Out of so many varieties available in India, Alphonso which is grown in Ratnagiri district of Maharastra, parts of Gujarat and Karnataka is considered to be the king. It is called Hapus in Maharastra. Most of it is exported. Rich people in Mumbai make the bookings to get the fruit in priority. There has been a craze among the people for the fruit.
Times of India article writes , “Mangoes feature in perhaps the earliest printed reference to the name of the islands on which the city was built. This was in the Portuguese naturalist Garcia de Orta’s Colloquies on the Simples and Drugs of India, a fascinating book written in the form of dialogues between Orta and a friend (and one of the first printed in India, in Goa in 1563). At one point the conversation is interrupted by a servant boy who tells Orta his tenant in Bombaim, the island whose lease Orta was given as a sinecure, has just sailed in with a basket of mangoes to give the governor of Goa. Orta happily uses this as a chance to expound on the wonders of mangoes and when his servant says he will send them to the governor, he hastily interjects: “Give them here. They ought to be cut with a sharp knife that the slice may not be injured and I want to taste them first…” Mumbaikars would sympathise. There is no better gift than mangoes in season, yet it is just natural for givers to feel a pang at the pleasures given up. The variety Orta received from Bombay is not known and perhaps it is unlikely they were Alphonsos, the only kind many Mumbaikars bother with today. These were probably developed in Goa, where the Portuguese had introduced the grafting techniques needed for good mangoes, but it is unknown if this had happened in Garcia de Orta’s time.

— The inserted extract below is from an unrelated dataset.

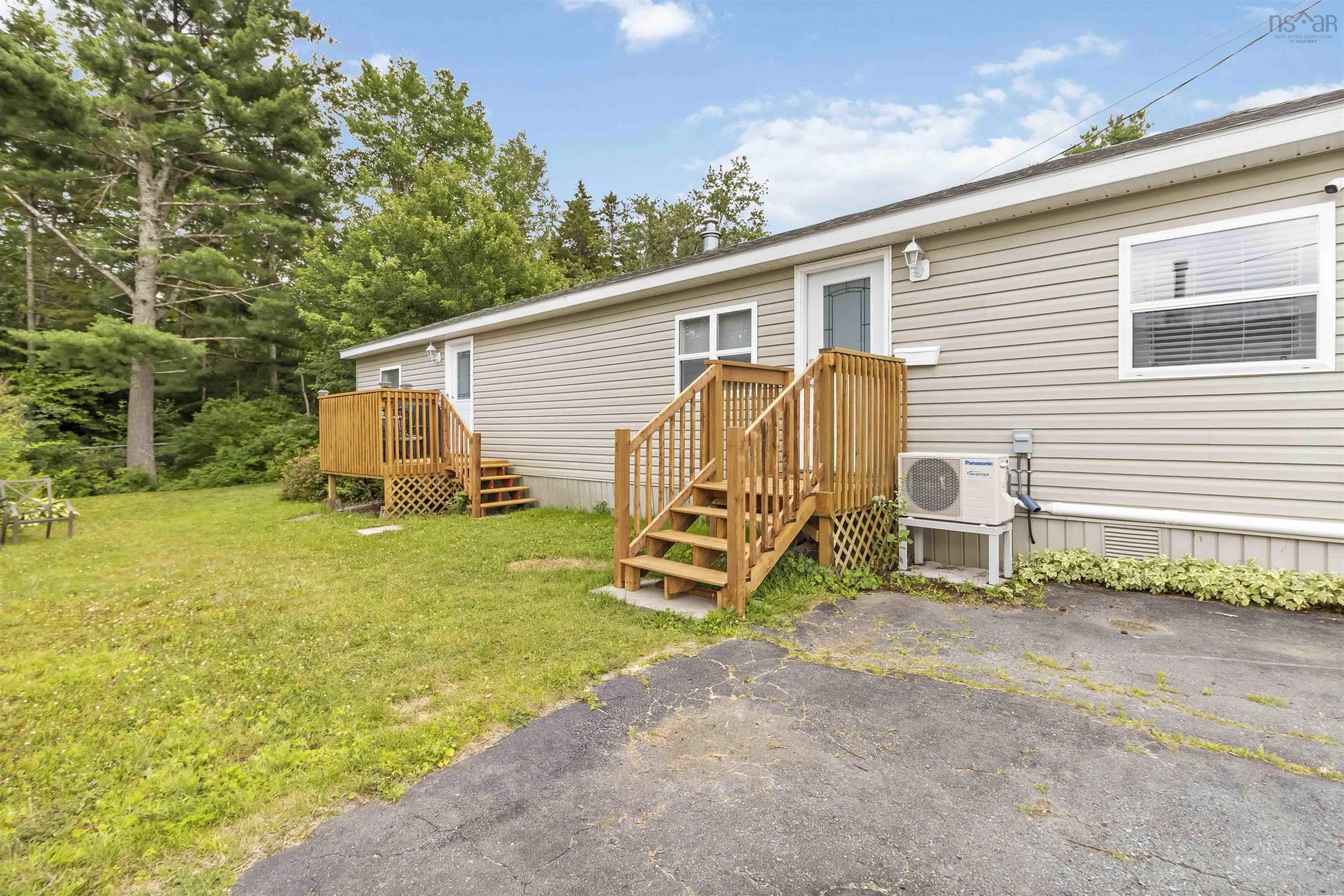 1108 Susan Drive, Beaver Bank, NS B4E 1P1, 2 Bedrooms Bedrooms, ,1 BathroomBathrooms,Residential,For Sale,Susan,202518104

They were well known by the time of the Rising of 1857. The Times of India, looking back at it 17 years later, in a long piece printed on November 13, 1874, wondered how Nana Saheb, the Peshwa prince, had became one of the leaders: “Up to 1857 there was no Prince better known in these parts… he used to be the boon companion of British officers, to who he gave the finest cherry brandy, and Alphonso mangoes brought up by special dak from Bombay.

A more nuanced view of that statement from 1937 would confirm they are the best for export since they have thick skin and withstand transportation better than fabled local varieties such as Tamil Nadu’s Imam Pasands or Goa’s Mankhurados, both wonderful, but poor travellers. The well-established systems for growing, trading and transporting them from the Konkan have also helped make Alphonsos the best mangoes that are relatively easy to get across India and abroad.

Such subtleties though are lost in Mumbai. For many consumers here, Alphonsos are all that matter, with other locally available varieties such as Pairis and Badamis being dismissed as good for juice only. Due to this reason, many producers use chemicals especially calcium carbide to artificially ripen the fruit early and get very high returns. The chemical is known to be carcinogenic.
Thus, people are buying fruits which are potentially dangerous and paying higher price also. The naturally ripened fruit has aroma and taste which is lost in the artificial ripening process. The taste becomes bland.
In our childhood days there were no artificial methods available for ripening the fruit and also no faster transportation means for getting the fruits from far distances. So whatever was available was in the natural form.